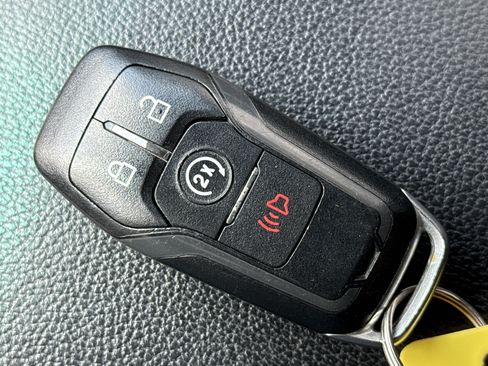 Used 2016 Ford Explorer XLT w/ Equipment Group 201A AWD/4WD image 28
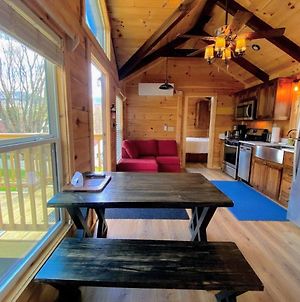 B3 New Awesome Tiny Home With Ac, Mountain Views, Minutes To Skiing, Hiking, Attractions photos Exterior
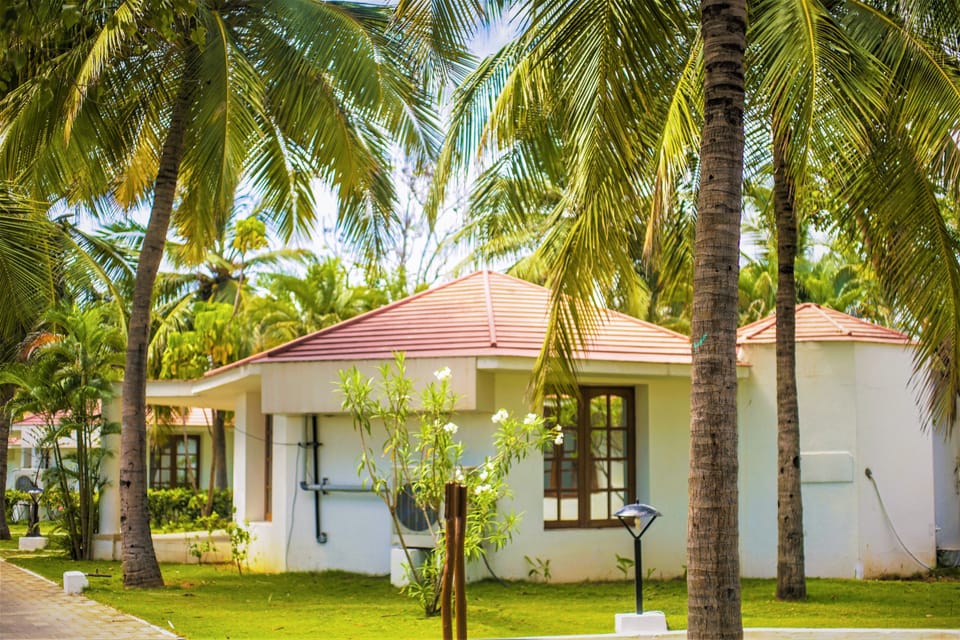 Cottage | Water view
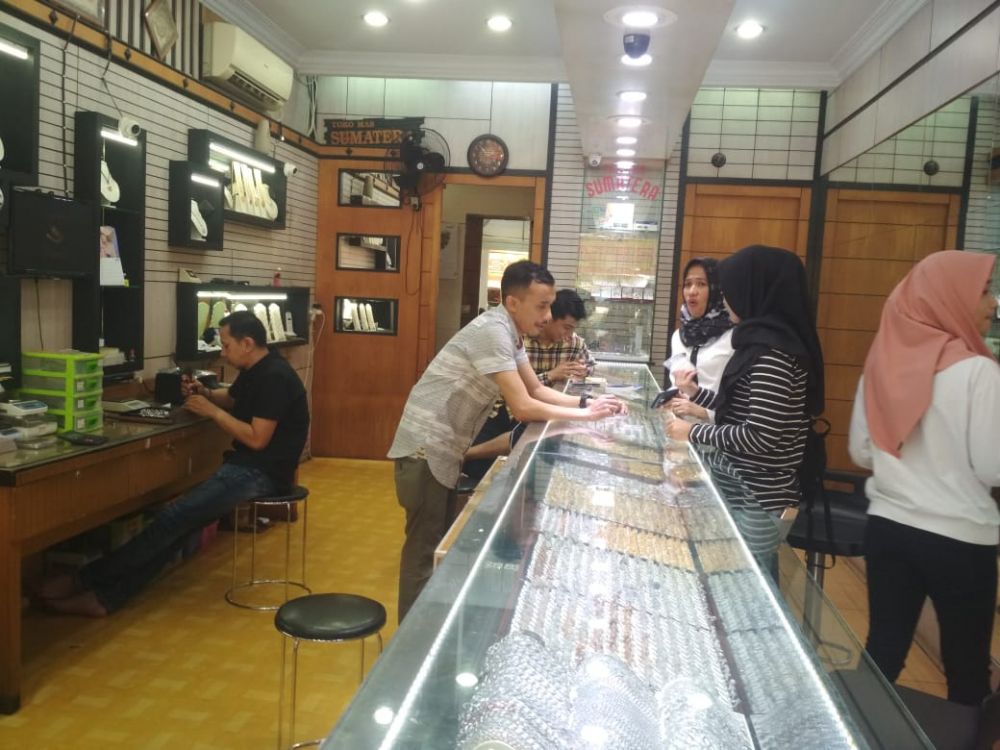 Aktivitas penjualan di salah satu toko emas.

◆ Task to complete
For this exercise, transcribe the data exactly but without its pictures.

◆ Response
 Used 2016 Ford Explorer XLT w/ Equipment Group 201A AWD/4WD image 28
 B3 New Awesome Tiny Home With Ac, Mountain Views, Minutes To Skiing, Hiking, Attractions photos Exterior
 Cottage | Water view
 Aktivitas penjualan di salah satu toko emas.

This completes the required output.